Ora, tale pattuizione è nulla ed il conduttore può agire   per farsi restituire quanto indebitamente pagato.

Il principio è stato ribadito dalla Corte d’Appello di Milano, sez. III, nella sentenza del 25 gennaio 2023, n. 135

La vicenda alla base della decisione. Nel contratto di locazione era stata prevista la clausola secondo la quale il conduttore avrebbe dovuto versare l’importo di euro 50.000,00 oltre IVA “quale contributo per la consegna  dell’immobile libero da vincoli di occupazione di terzi, nonché quale fee di ingresso nel bene locato”.

Il tribunale aveva condannato il locatore a restituire gli importi parzialmente  già corrisposti a titolo di fee per un importo pari a circa euro 42.000,00.

La Corte d’Appello ha confermato la sentenza di primo grado e, nel riconoscere il diritto del conduttore ad ottenere la restituzione della “fee di ingresso”, ha richiamato  l’art. 79 della L. 392/78 che sancisce la nullità di “ogni pattuizione che consenta al locatore di pretendere dal conduttore un pagamento non giustificato dal sinallagma contrattuale”.

La consegna dell’immobile libero da vincoli e diritti dei terzi è una delle obbligazioni principali del locatore (artt. 1575 e 1585 del codice civile), al quale non è riconosciuto   il diritto ad un vantaggio economico ulteriore o diverso dal canone di locazione.

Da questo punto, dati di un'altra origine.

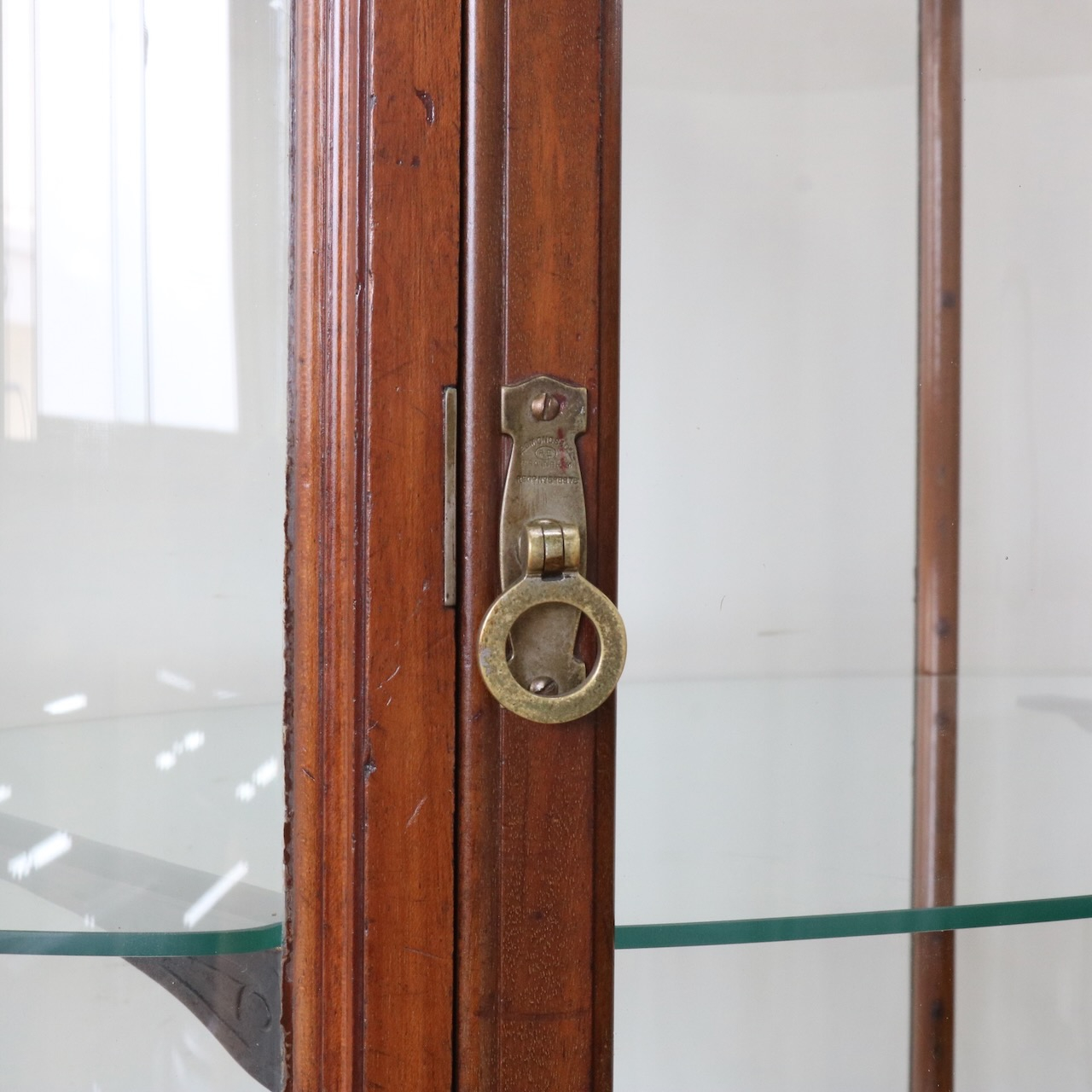 ショップキャビネット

Anche l’escamotage utilizzato dalle parti per supportare il pagamento, e cioè la previsione in contratto, a carico  del locatore,  della  “fornitura dell’arredamento e locali in perfetto ordine per poter esercitare l’attività commerciale di vendita pubblico con immediatezza e senza ulteriori costi aggiuntivi”, non è stata ritenuta una circostanza idonea a giustificare il pagamento della “fee”: infatti, secondo la Corte d’Appello, tale pattuizione avrebbe semmai potuto comportare/giustificare un incremento del canone, oppure la previsione di un deposito cauzionale o altra forma di garanzia.

In altre parole, il pagamento della “fee” è sempre sprovvista di causa giustificativa, considerata la natura del contratto (locazione).  L’autonomia contrattuale non vale a superare la barriera della nullità indicata nell’art. 79 della L. 392/1978.

L’assenza di causa e l’insanabile nullità della pattuizione hanno quindi determinato l’obbligo di ripetizione dell’importo versato.

È bene sottolineare che la nullità travolgerebbe l’accordo sulla “buona entrata”  anche se lo stesso fosse stipulato tra il locatore con un soggetto terzo.

Infatti il terzo assuntore dell’obbligo del pagamento della “fee”, ai sensi degli artt. 1421 e 2033 c.c. potrebbe fare valere la nullità del patto e pretendere la restituzione delle somme indebitamente pagate, purché sia accertato un collegamento funzionale tra l’accordo e il contratto di locazione.